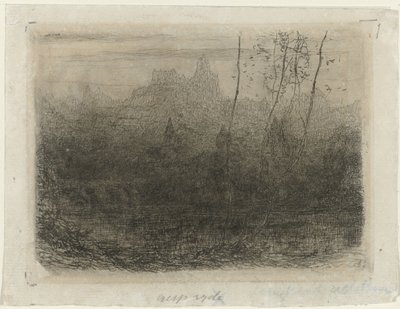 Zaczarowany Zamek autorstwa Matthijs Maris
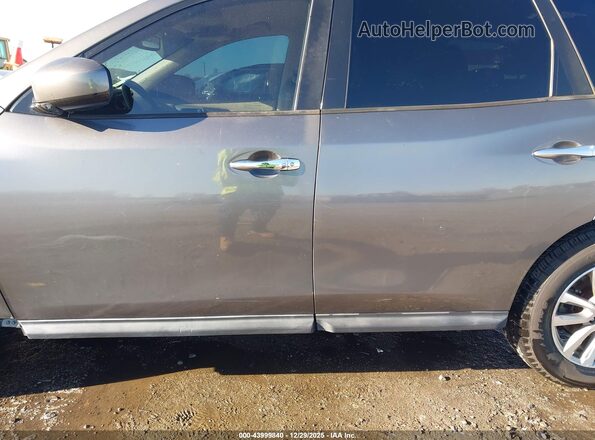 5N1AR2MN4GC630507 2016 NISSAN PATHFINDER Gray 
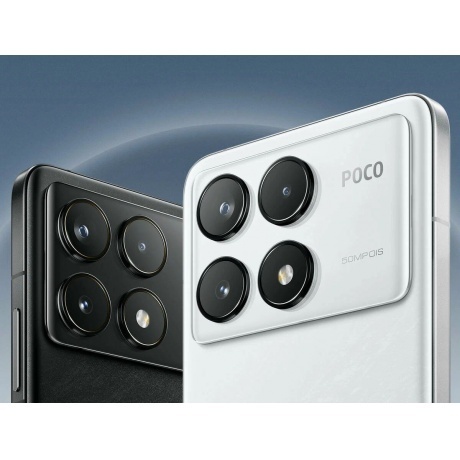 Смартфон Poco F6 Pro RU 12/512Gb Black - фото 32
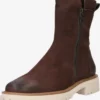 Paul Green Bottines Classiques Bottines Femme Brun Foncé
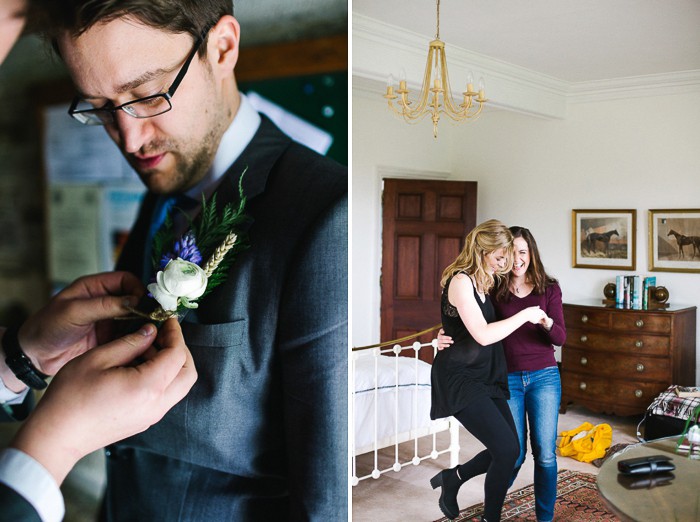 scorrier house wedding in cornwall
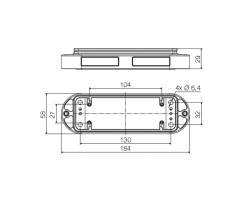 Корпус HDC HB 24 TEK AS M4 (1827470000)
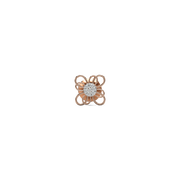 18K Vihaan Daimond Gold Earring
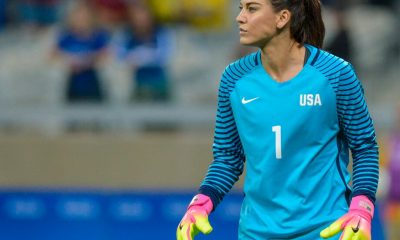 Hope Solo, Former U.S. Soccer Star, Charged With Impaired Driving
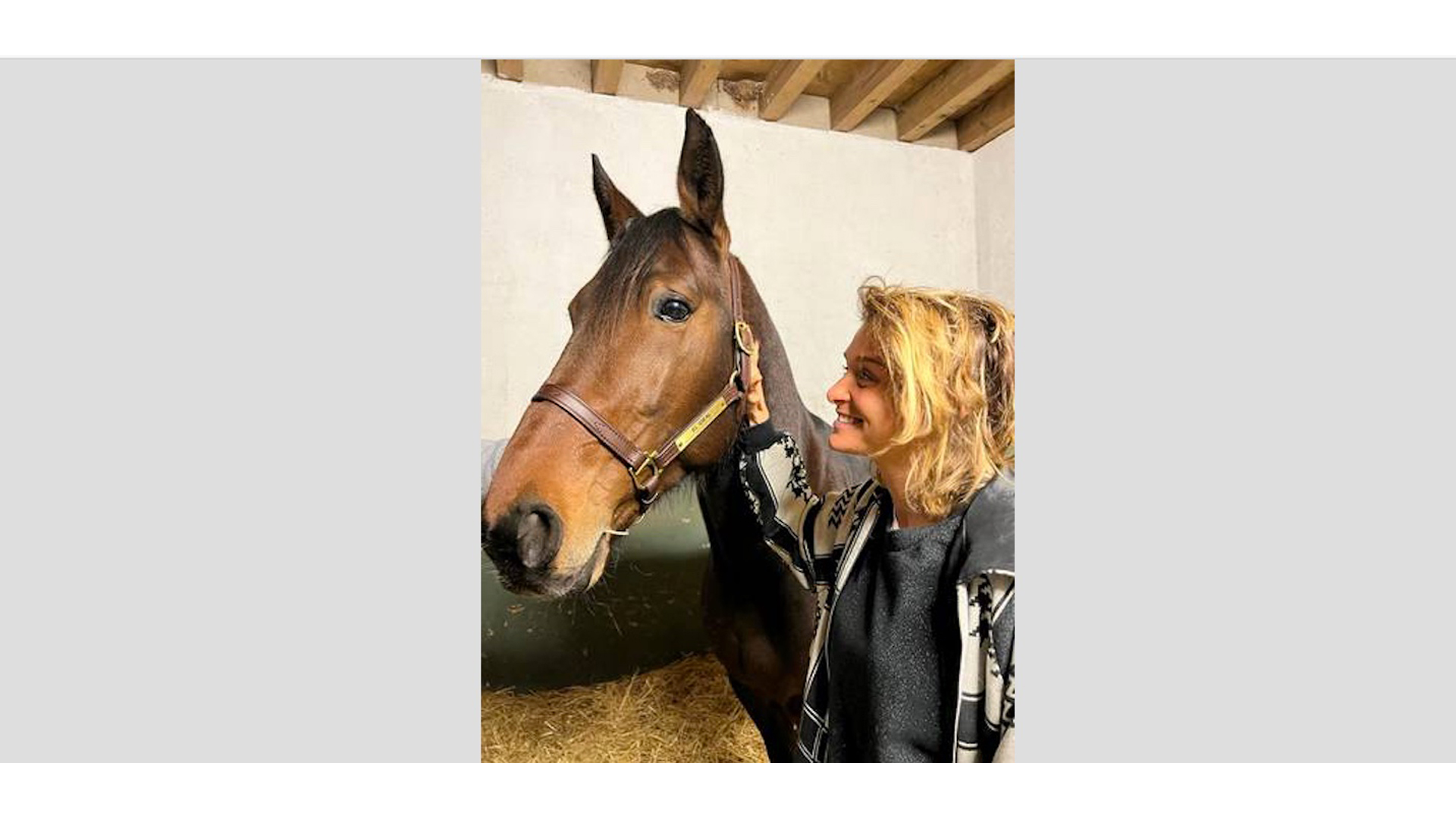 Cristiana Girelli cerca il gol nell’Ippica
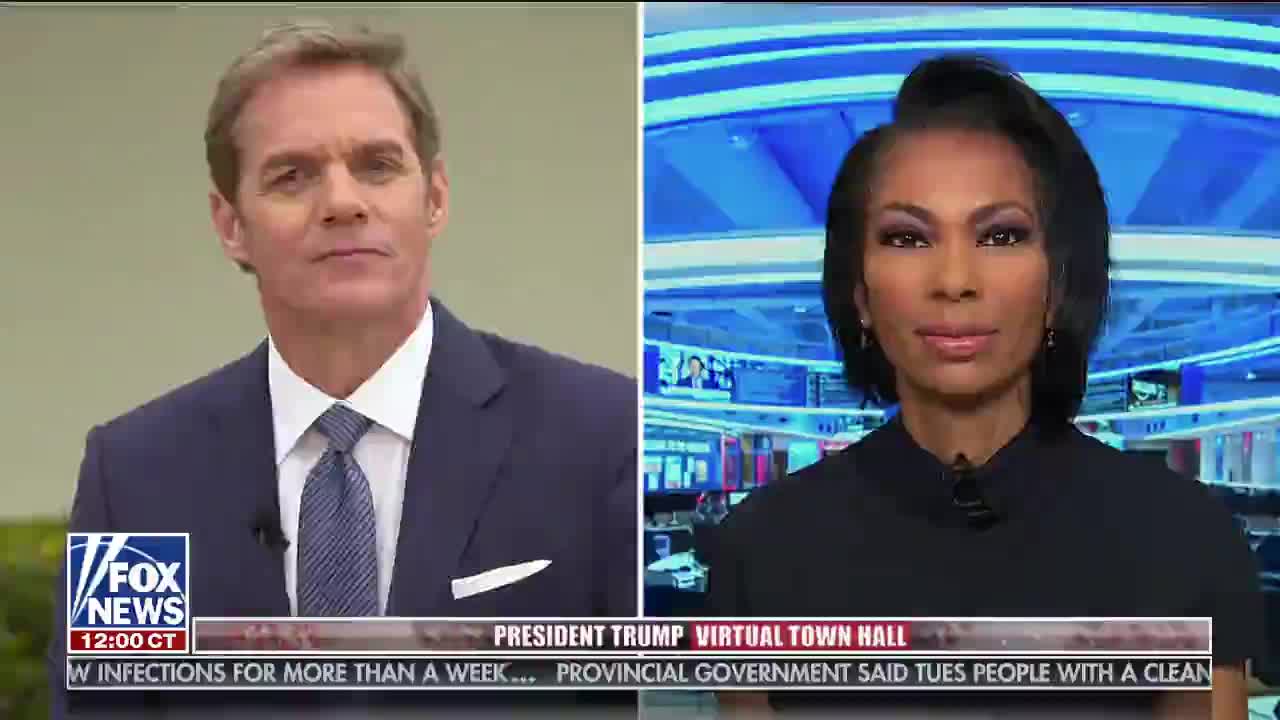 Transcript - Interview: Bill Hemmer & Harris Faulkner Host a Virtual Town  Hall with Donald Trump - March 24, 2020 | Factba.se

* _BRIEF_:
Leaving out the pictures, restate each line of the listing above verbatim, from the opening line to the line bearing "scorrier house wedding in cornwall", inclusive, and no more.

* _RESULT OF THIS EXERCISE_:
 Zaczarowany Zamek autorstwa Matthijs Maris
 5N1AR2MN4GC630507 2016 NISSAN PATHFINDER Gray 
 Смартфон Poco F6 Pro RU 12/512Gb Black - фото 32
 Paul Green Bottines Classiques Bottines Femme Brun Foncé
 scorrier house wedding in cornwall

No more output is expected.